Tuvalu is a remote Pacific island with a population of 11,500 and only one hospital. Travel to the hospital is difficult and increases the risk of transmission, especially when it includes a crowded boat full of people. TB rates are high in Tuvalu but are declining with only about 15 new cases each year since 2016 – a great improvement from the rate of 36 new cases each year in the 1980s. The death rate in 2017 was 19 per 100,000 people. Thanks to a couple of developments that have made diagnosis more achievable – namely GeneXpert machine, portable x-ray machines and training for health teams – Tuvalu is actively reducing rates of TB since 2018.
The United Nations Development Programme (UNDP) and the Global Fund have provided a GeneXpert machine to the government of Tuvalu. This machine reduces the duration of the TB test and allows for diagnosis of the drug-resistant strains, which are increasingly becoming a problem. Using the machine, the test only takes about two hours. Without this technology, the TB test takes at least two-six weeks.
It is a relatively new test that works on a molecular level to identify mycobacterium tuberculosis as well as rifampin resistance in a sputum sample.
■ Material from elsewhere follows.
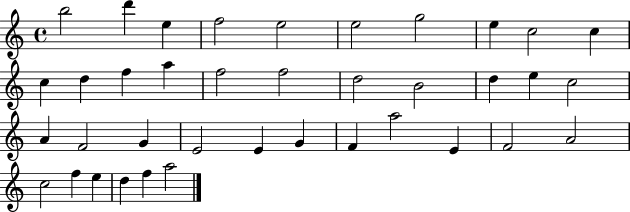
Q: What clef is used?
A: treble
Another positive is that limited technical training is required to run the GeneXpert tests. These tests are being used around the world and prove to be an incredible feat of science.
Portable X-ray Machines
Because x-ray machines are now portable, more people can be reached and examined, including those on the outer islands. Mobile health teams travel to smaller islands and carry out chest x-rays for those presenting TB symptoms.
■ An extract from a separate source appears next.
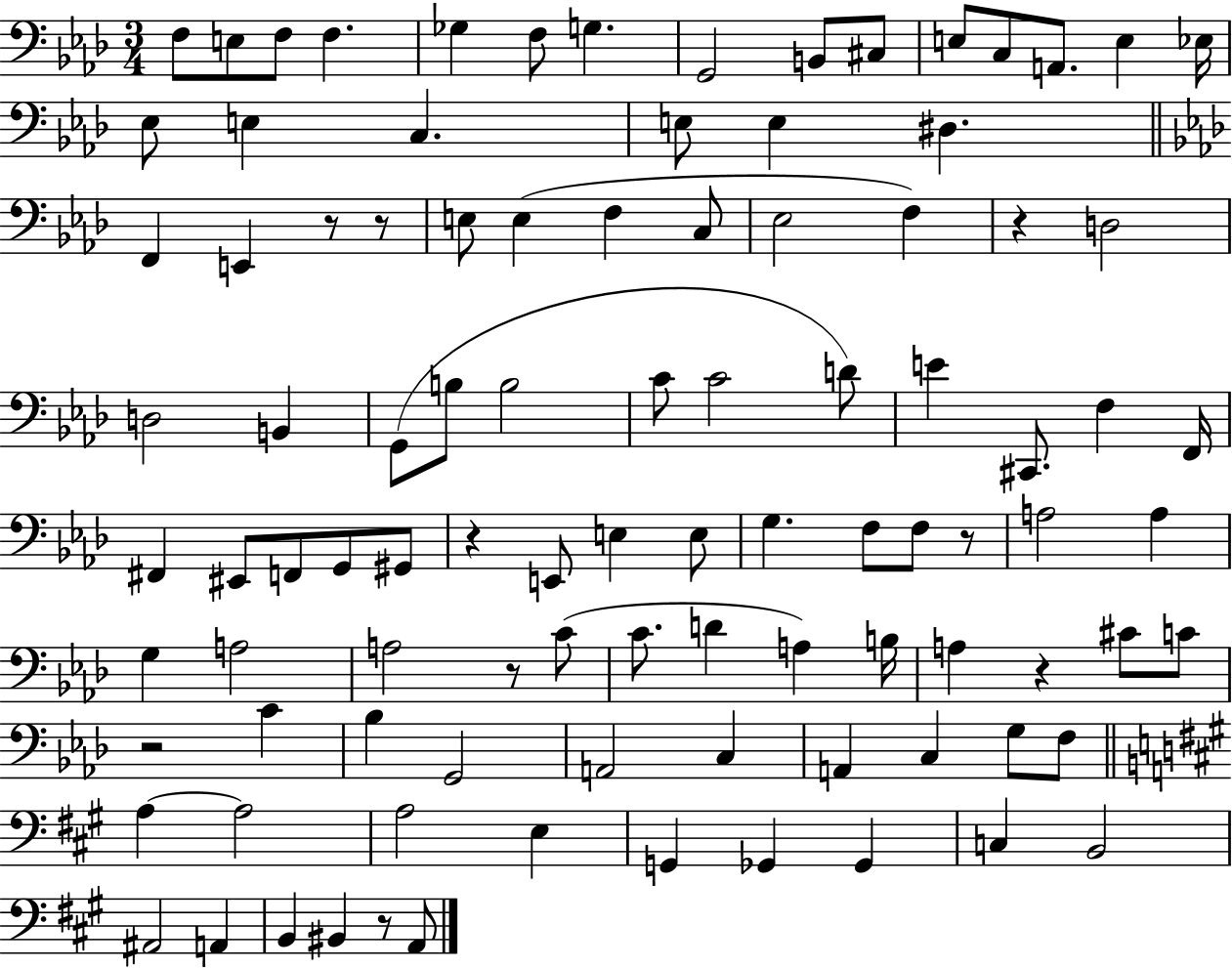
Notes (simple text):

F3/e E3/e F3/e F3/q. Gb3/q F3/e G3/q. G2/h B2/e C#3/e E3/e C3/e A2/e. E3/q Eb3/s Eb3/e E3/q C3/q. E3/e E3/q D#3/q. F2/q E2/q R/e R/e E3/e E3/q F3/q C3/e Eb3/h F3/q R/q D3/h D3/h B2/q G2/e B3/e B3/h C4/e C4/h D4/e E4/q C#2/e. F3/q F2/s F#2/q EIS2/e F2/e G2/e G#2/e R/q E2/e E3/q E3/e G3/q. F3/e F3/e R/e A3/h A3/q G3/q A3/h A3/h R/e C4/e C4/e. D4/q A3/q B3/s A3/q R/q C#4/e C4/e R/h C4/q Bb3/q G2/h A2/h C3/q A2/q C3/q G3/e F3/e A3/q A3/h A3/h E3/q G2/q Gb2/q Gb2/q C3/q B2/h A#2/h A2/q B2/q BIS2/q R/e A2/e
Thanks to portable x-ray technology, the number of TB diagnoses is increasing. Dr. Lifuka at the Tuvalu hospital said, “We can now actively find cases in the outer islands where there are no facilities, and we can assess everyone, even those who previously faced difficulties coming to the hospital.”
Training for Health Teams
Of course, none of this would be possible with the technology alone. Trained professionals are needed to help diagnose and treat people with tuberculosis in Tuvalu. They travel to patients’ houses and provide medication. Because of the stigma surrounding TB, patients won’t always get their treatments. This is why Tuvalu Red Cross community-based health promoters and other trained professionals treat patients at home.
Though TB rates remain rather high in Tuvalu, as well as throughout the Pacific, the new technology implemented in 2018 is promising. Technology will not be enough, however; system-wide approaches aimed at reducing poverty and development of infrastructure on the outer islands will also be needed in order to eradicate TB. Furthermore, Tuvalu needs to continue to improve TB surveillance in order to inform public health agencies of the strategies proven to be most effective. Hopefully, the new technology will help spread awareness of TB to all the members of the community. The change is already evident, as cases of tuberculosis in Tuvalu have declined consistently over the past 10 years, and detection has increased. In 2008, they were only able to diagnose eight cases a year. In 2017, there were 23. The new technology and training programs will continue to save lives on this small, isolated island.